Banks Have To Accept Government Investment
The NY Times reports that the $700 Billion TARP has been revised to directly funnel money to nine banks.
Treasury Secretary Henry M. Paulson Jr. outlined the plan to nine of the nation’s leading bankers at an afternoon meeting, officials said. He essentially told the participants that they would have to accept government investment for the good of the American financial system.
The nine investments appear to be: Citigroup (c), Bank of America (BAC), Wells Fargo (WFC), Goldman Sachs (GS) and JPMorgan Chase (JPM), Morgan Stanley (MS), Bank of New York Mellon (BK) and Merrill Lynch and State Street Corp. (STT).

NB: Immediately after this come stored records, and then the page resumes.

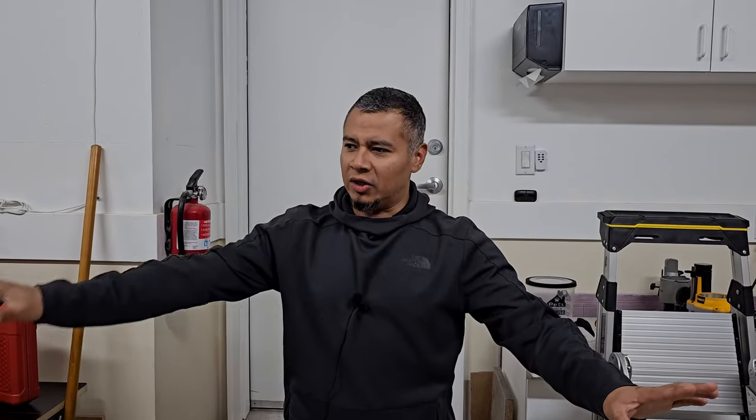Hey, what's going on everybody. I wanted to do a quick shop tour. This is sort of our garage workspace, but it's also our carport. I realized I've never done a shop tour, so I wanted to share that with you guys. Also, we're going to be moving out of this space pretty soon and I want to show that process as well.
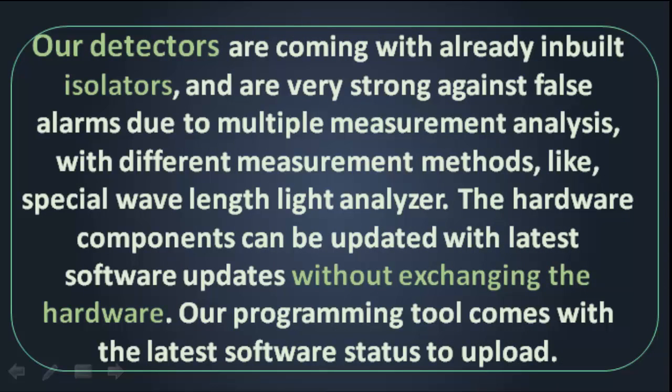Our detectors come with already built-in isolators and are very strong against false alarms due to multiple measurement analysis with different measurement methods, like special wavelength light analyzation. The hardware components can be updated with the latest software updates without exchanging the hardware. Our programming tool comes with the latest software status to upload.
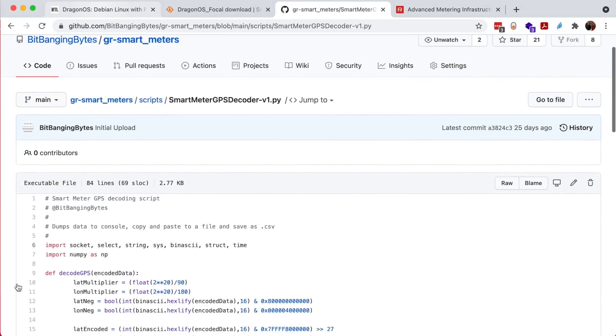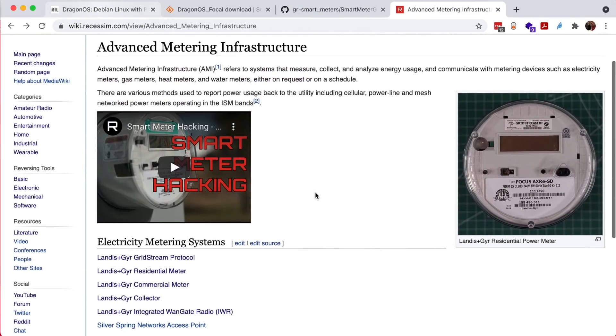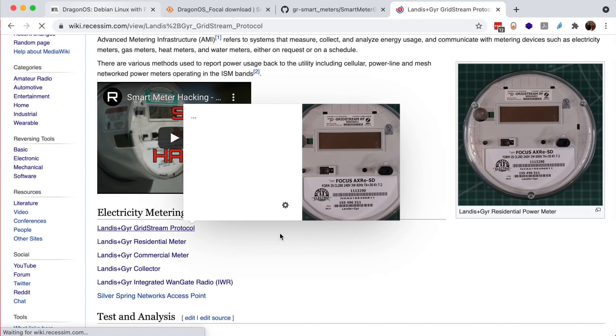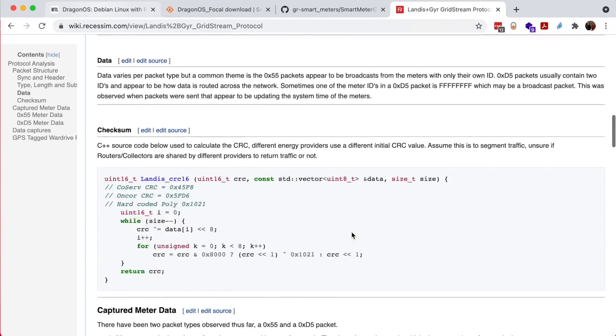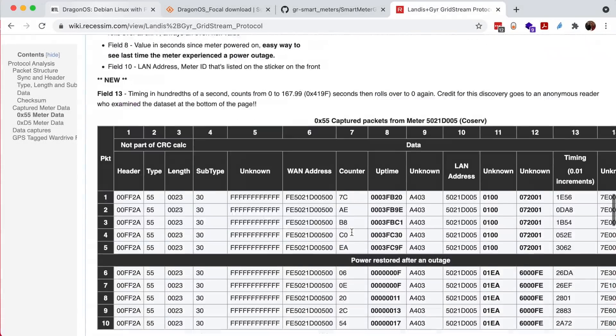The module currently supports four different software-defined radios — really any would work, with more bandwidth being better. The Python script I referenced shows how to decode latitude and longitude, very similar to the sample code in the other document. The wiki also has a full area devoted to smart meters, including all the paper presentations I gave, packet data received, and captures available for download.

The preferred stock that each bank will have to issue will pay special dividends, at a 5 percent interest rate that will be increased to 9 percent after five years. The government will also receive warrants worth 15 percent of the face value of the preferred stock. For instance, if the government makes a $10 billion investment, then the government will receive $1.5 billion in warrants. If the stock goes up, taxpayers will share the benefits. If the stock goes down, the warrants will be worthless.
I don’t know where all this money is coming from, thin air I guess. And now analysts are estimating a budget deficit for 2009 of $2 Trillion!